Paired RGB-thermal data is crucial for visual-thermal sensor fusion and cross-modality tasks, including important applications such as multi-modal image alignment and retrieval. However, the scarcity of synchronized and calibrated RGB-thermal image pairs presents a major obstacle to progress in these areas. To overcome this challenge, RGB-to-Thermal (RGB-T) image translation has emerged as a promising solution, enabling the synthesis of thermal images from abundant RGB datasets for training purposes. In this study, we propose ThermalGen, an adaptive flow-based generative model for RGB-T image translation, incorporating an RGB image conditioning architecture and a style-disentangled mechanism. To support large-scale training, we curated eight public satellite-aerial, aerial, and ground RGB-T paired datasets, and introduced three new large-scale satellite-aerial RGB-T datasets—DJI-day, BosonPlus-day, and BosonPlus-night—captured across diverse times, sensor types, and geographic regions. Extensive evaluations across multiple RGB-T benchmarks demonstrate that ThermalGen achieves comparable or superior translation performance compared to existing GAN-based and diffusion-based methods. To our knowledge, ThermalGen is the first RGB-T image translation model capable of synthesizing thermal images that reflect significant variations in viewpoints, sensor characteristics, and environmental conditions.

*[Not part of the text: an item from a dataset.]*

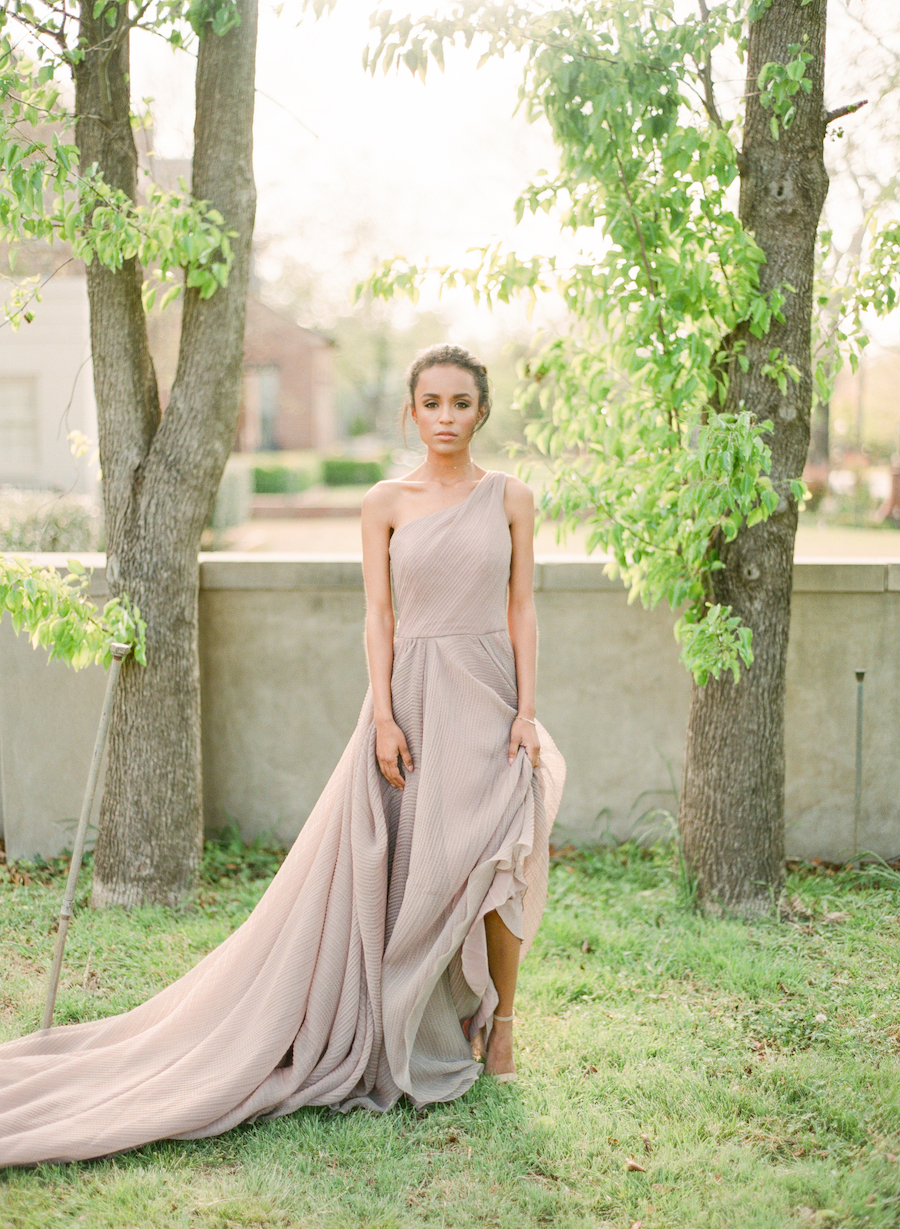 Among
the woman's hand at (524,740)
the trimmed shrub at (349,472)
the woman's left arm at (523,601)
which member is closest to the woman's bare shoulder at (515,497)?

ThermalGen exhibits robust performance under diverse conditions

We present RGB inputs alongside generated thermal images using ThermalGen across a range of challenging variations, including viewpoint variation, day-night change, sensor variation, and environmental change. Variations are illustrated between the two rows in each group.

Satellite-Thermal Paired Datasets

Apart from our previous Boson-night dataset, we release addtional datasets: DJI-day, Bosonplus-day, Bosonplus-night.

Boson-night

DJI-day

Bosonplus-day

Bosonplus-night

Thermal Map Generation Across CFG Scales

Our model generates thermal maps from satellite imagery. By leveraging the style-disentangled generative framework, the CFG scale can be tuned to modulate the style and appearance of the synthesized thermal maps.